### EXERCISE DIRECTIONS
All that is wanted is the exact lines from the one with "Dog Makes Funny Noises" through the last line of the entries, with both ends kept and every picture left out.

[Opening MATERIAL FOR THIS EXERCISE section]

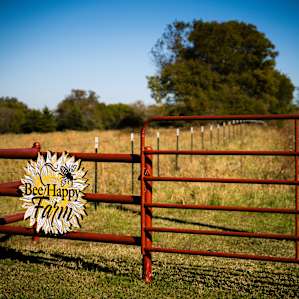 Entering the Bee Happy Farm!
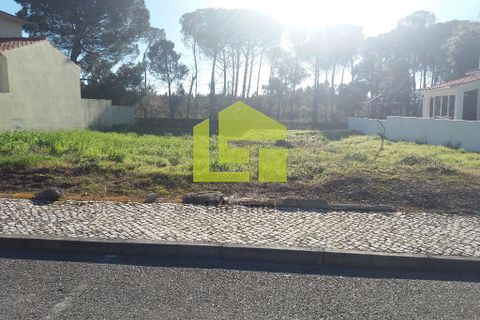 Helårsgrund i Condeixa-a-Nova, Coimbra, Condeixa-a-Nova - € 75.000 | Ref: LT0017 - foto 2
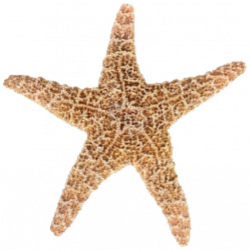 download-Starfish-PNG-transparent-images-transparent-backgrounds ...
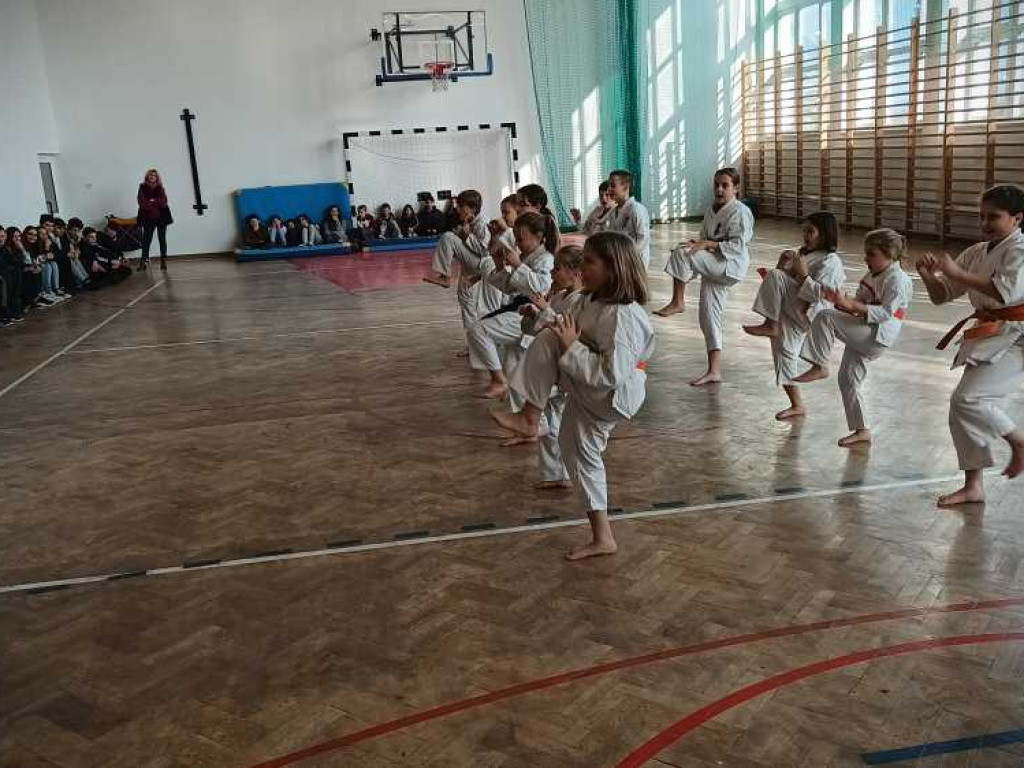 Pokaz karate w Kozodawach [ZDJĘCIA]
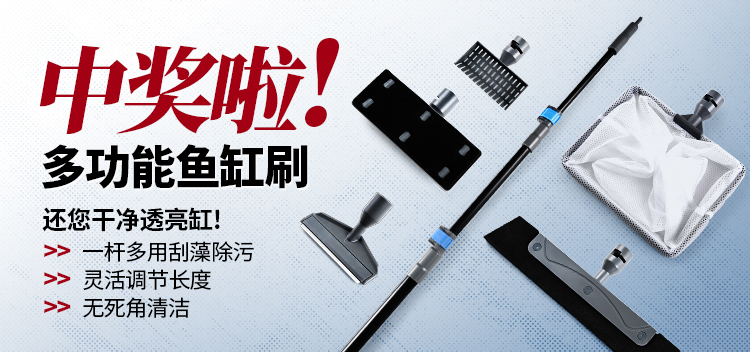 香港2024最新饮料大全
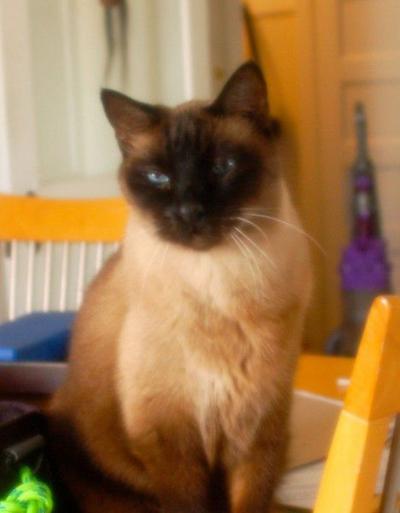 Lost In Angeleno Heights Adult Siamese Cat With Blue Eyes Pets And Wildlife Theeastsiderla Com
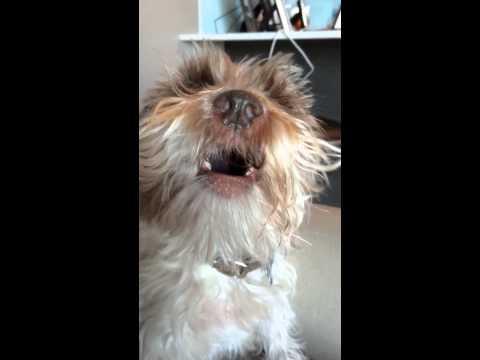 Dog Makes Funny Noises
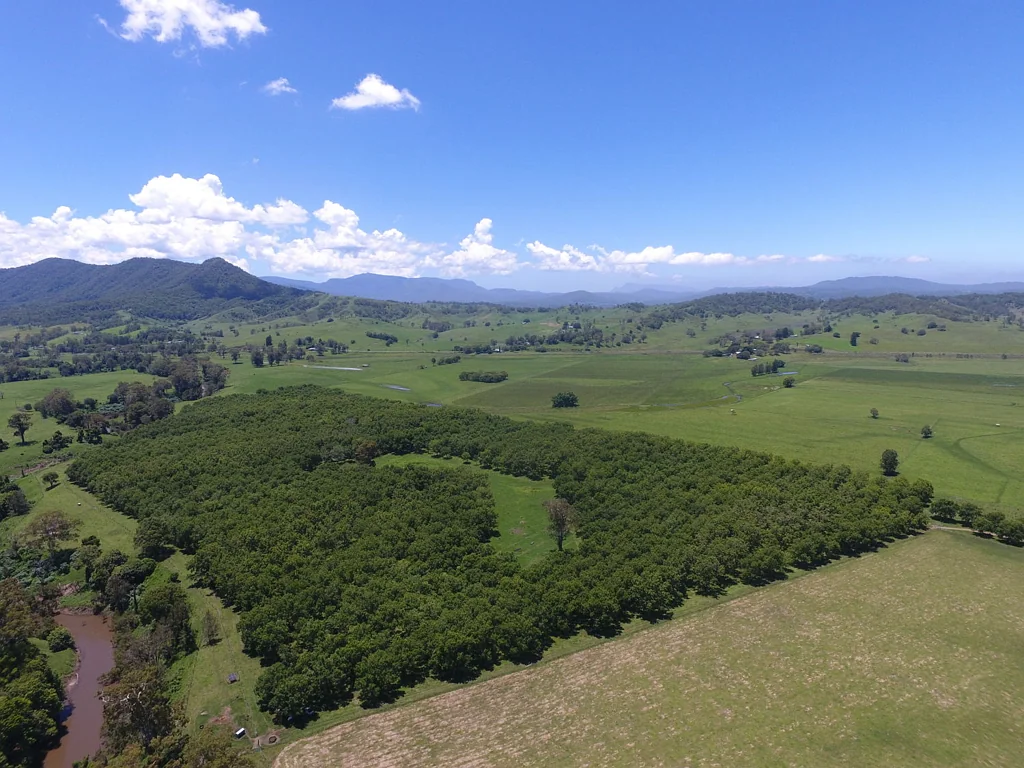 Kyogle 'RIVERSIDE' PECAN FARMING + MORE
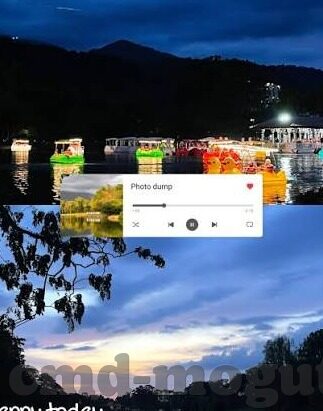 精品一区二区三区蜜桃-探索精品一区二区三区蜜桃的独特魅力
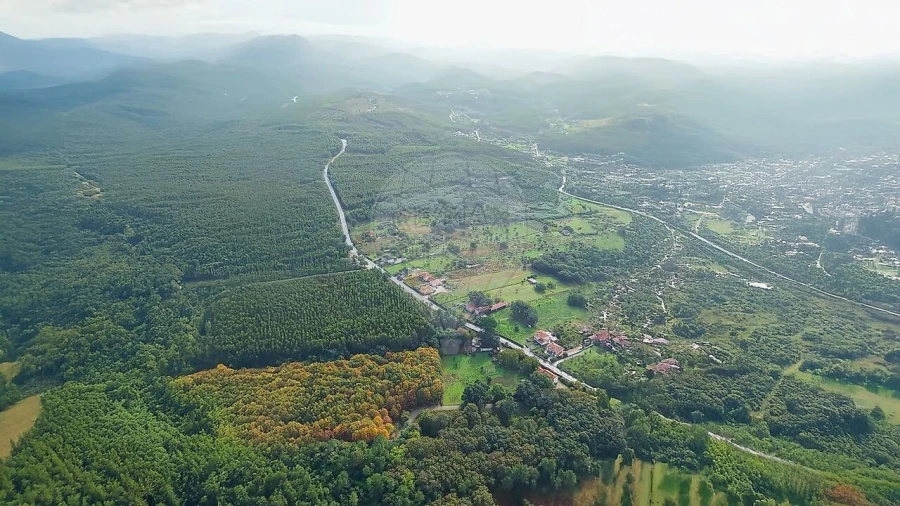 Terreno para Venda em Figueiró dos Vinhos e Bairradas Foto 19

[Closing MATERIAL FOR THIS EXERCISE section]

### RESULT OF THIS EXERCISE
 Dog Makes Funny Noises
 Kyogle 'RIVERSIDE' PECAN FARMING + MORE
 精品一区二区三区蜜桃-探索精品一区二区三区蜜桃的独特魅力
 Terreno para Venda em Figueiró dos Vinhos e Bairradas Foto 19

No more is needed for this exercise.